The details of the trade are still being finalized, in part because what the Wizards will get back hinges on what they can trade Paul for, most likely to the Clippers, reports Chris Haynes of TNT/Bleacher Report. It no trade is found and the Wizards buy out Paul, he likely signs with the Lakers
Beal had to waive his no-trade clause to allow this trade to go through — meaning Beal picked the Suns over the Heat and everyone else — and Wojnarowski got confirmation from Beal’s agent, Mark Bartelstein, that he would do so.
It’s another big all-in move for new Suns owner Mat Ishbia, who took control of the team — and basketball operations — just before the trade deadline and made the trade for Kevin Durant, putting him next to Devin Booker. The Suns have gone all-in on a title, but it comes with challenges and risks.

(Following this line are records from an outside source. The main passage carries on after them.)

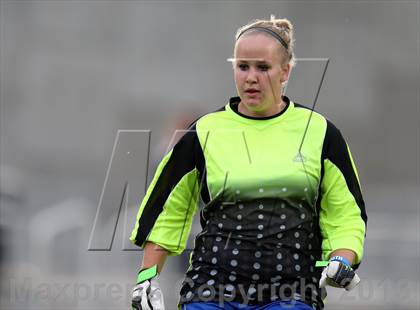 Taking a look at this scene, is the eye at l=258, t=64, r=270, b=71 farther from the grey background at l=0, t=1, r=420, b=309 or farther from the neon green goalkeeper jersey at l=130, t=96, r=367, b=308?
the grey background at l=0, t=1, r=420, b=309

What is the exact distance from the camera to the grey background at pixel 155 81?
625 inches

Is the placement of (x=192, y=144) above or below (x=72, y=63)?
above

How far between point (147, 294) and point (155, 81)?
45.5ft

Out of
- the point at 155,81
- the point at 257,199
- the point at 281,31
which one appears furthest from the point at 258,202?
the point at 155,81

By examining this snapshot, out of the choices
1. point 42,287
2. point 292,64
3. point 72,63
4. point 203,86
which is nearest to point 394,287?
point 42,287

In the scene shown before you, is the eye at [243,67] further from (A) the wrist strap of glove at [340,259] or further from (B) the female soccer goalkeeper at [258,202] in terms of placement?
(A) the wrist strap of glove at [340,259]

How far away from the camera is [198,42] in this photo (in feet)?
61.9

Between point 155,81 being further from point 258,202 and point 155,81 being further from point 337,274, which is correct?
point 337,274

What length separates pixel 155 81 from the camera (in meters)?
18.2

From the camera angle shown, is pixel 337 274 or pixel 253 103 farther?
pixel 253 103

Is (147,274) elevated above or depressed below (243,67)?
below

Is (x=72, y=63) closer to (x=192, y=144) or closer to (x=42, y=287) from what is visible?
(x=42, y=287)

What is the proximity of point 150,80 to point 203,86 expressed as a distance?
0.85 metres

This forms a “big 3" top-heavy team for Phoenix that will be a playoff threat in the West if all their players can make it to the postseason healthy (both Durant and Beal have injury histories in recent years).

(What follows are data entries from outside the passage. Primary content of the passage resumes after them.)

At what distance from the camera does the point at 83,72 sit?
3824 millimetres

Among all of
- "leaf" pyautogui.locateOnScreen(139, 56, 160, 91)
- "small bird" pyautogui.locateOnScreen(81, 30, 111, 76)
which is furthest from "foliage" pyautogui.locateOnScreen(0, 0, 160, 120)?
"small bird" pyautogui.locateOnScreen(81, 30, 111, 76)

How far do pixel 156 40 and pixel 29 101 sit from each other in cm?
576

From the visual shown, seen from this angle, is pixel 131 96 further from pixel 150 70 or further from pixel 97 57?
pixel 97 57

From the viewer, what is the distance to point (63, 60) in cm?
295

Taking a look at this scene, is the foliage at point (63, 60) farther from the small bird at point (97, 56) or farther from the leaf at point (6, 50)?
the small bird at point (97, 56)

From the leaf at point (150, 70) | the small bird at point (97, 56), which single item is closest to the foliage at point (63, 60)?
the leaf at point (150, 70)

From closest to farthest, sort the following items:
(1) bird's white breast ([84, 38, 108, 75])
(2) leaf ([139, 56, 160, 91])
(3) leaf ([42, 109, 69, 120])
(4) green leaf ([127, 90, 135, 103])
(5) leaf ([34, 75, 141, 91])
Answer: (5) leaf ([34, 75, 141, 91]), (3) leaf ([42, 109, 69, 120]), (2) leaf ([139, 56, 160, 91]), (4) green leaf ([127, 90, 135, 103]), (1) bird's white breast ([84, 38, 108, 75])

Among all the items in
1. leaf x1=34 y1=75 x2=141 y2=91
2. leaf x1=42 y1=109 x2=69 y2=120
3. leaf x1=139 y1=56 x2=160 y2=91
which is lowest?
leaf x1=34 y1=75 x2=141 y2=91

However, the Suns just got bounced from the playoffs by the Nuggets because Denver had superior depth (and with that, versatility). Having Beal making $46.7 million next season, Durant at $47.7 million and Booker at $36 million, the Suns are already at more than $130 million for the three of them, and the salary cap is $134 million. Add in Deandre Ayton at $32.5 million, and Cameron Payne’s contract ($6.5 million, non-guaranteed), and the Suns are at a $169 million payroll — bumping up against the restrictive second apron of the tax ($179.5 million) with 10-12 roster spots to fill out. The Suns can round the roster out with veteran minimum players, but that puts them above the second apron, plus you can ask the Lakers of a couple of seasons ago how filling out a roster with a lot of minimum players goes. (Don’t be surprised if the Suns try to trade Ayton for depth.)
For Washington, this is the first step in a tear-it-down-to-the-studs rebuild that has been long overdue but never okayed by owner Ted Leonsis (who kept them pushing to make the playoffs, and with that ending up a .500ish team hoping to get a lower playoffs seed). Expect the Wizards to try to make a sign-and-trade with Kyle Kuzma this summer, and the same (or an outright trade if he opts in) with Kristaps Porzingis. The Wizards are about to look very different.
The Miami Heat had been considered the frontrunners for Beal but could not put together a deal Beal and the Wizards liked around Kyle Lowry, Duncan Robinson (or Victor Oladipo) and a couple of first-round picks. This is a miss for the Heat, who want to add another star next to Jimmy Butler. The Heat reportedly wanted to slow play the trade with the Wizards to see what might happen with Damian Lillard — Portland has no intention of trading him as of now and wants to trade its No. 3 pick plus Anfernee Simons to get a star next to Lillard — but the Wizards wanted to move quickly (for that exact reason). Now Miami is waiting on the Trail Blazers’ next move.